Comments based on information available as of 6:00 am CT on 3/6/2026

Growth: A Jolt For Some, A Shock For Others
The surge in oil prices is acting as a global economic stress test—and for some, a personal one. In high-income, diversified economies like the U.S., higher energy prices are annoying but manageable. The U.S. is now a net exporter of oil, making today’s shock far less damaging than in past episodes. For lower-income, oil‑importing countries such as China and India, the strain is far more severe. The same divide shows up at home: higher-income households feel a jolt, while lower-income households absorb a much more acute hit as energy costs consume a larger share of their budgets.
Inflation: Perception Becomes Reality
The escalation of conflict in Iran has pushed crude prices above $80 a barrel, quickly filtering down to the gas pump. Gasoline prices carry outsized psychological weight. Unlike most expenses, they are displayed on every street corner, turning them into a highly visible barometer of inflation. When gas prices rise, they don’t just pressure wallets—they shape behavior by embedding higher inflation expectations. For the Federal Reserve, that’s the real risk. With uncertainty around how long the conflict will last or how high prices may go, policymakers may need to project resolve to prevent inflation expectations from becoming self‑fulfilling.
Policy: Resist The Urge To React
Geopolitical flashpoints invite the temptation to “trade the news,” but that instinct is often costly. The risk is binary and non‑linear: one headline can send oil prices soaring, the next can reverse the move entirely. Timing these events consistently is nearly impossible.
The more effective response is not reaction, but discipline. Geopolitical shocks are a unique category of risk—one that can’t be outsmarted, only managed. That requires staying invested, avoiding knee‑jerk decisions, and relying on a well‑constructed allocation to absorb short‑term volatility without derailing long‑term compounding.

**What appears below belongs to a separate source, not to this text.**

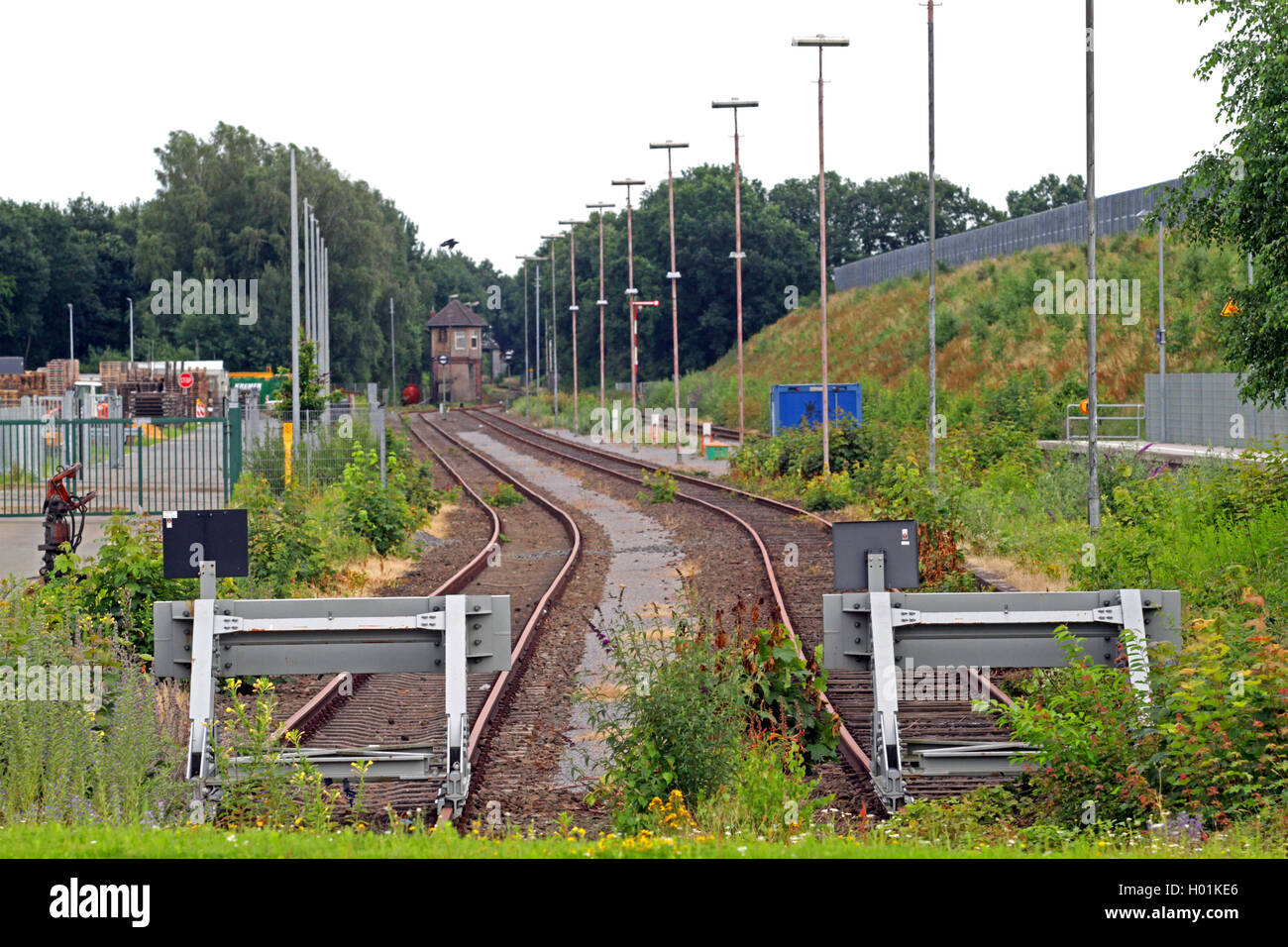 Última parada Borken, estación de ferrocarril, en Alemania, en Renania del Norte-Westfalia, Muensterland Foto de stock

Looking Ahead: A Financial Plan is Diversification’s Missing Ingredient
Traditional diversification often leans on stocks, bonds, and gold. Recent history—including 2021–2022—shows the limits of that framework. In periods of synchronized stress, stocks and bonds can fall together, and even gold can weaken as investors prioritize liquidity. In true crises, global capital still runs to the U.S. dollar. That reality highlights the missing ingredient in many portfolios: cash and a financial plan. Cash isn’t just defensive—it provides the financial and psychological patience needed to let diversified assets recover. Without that buffer, investors are more likely to sell at precisely the wrong moment.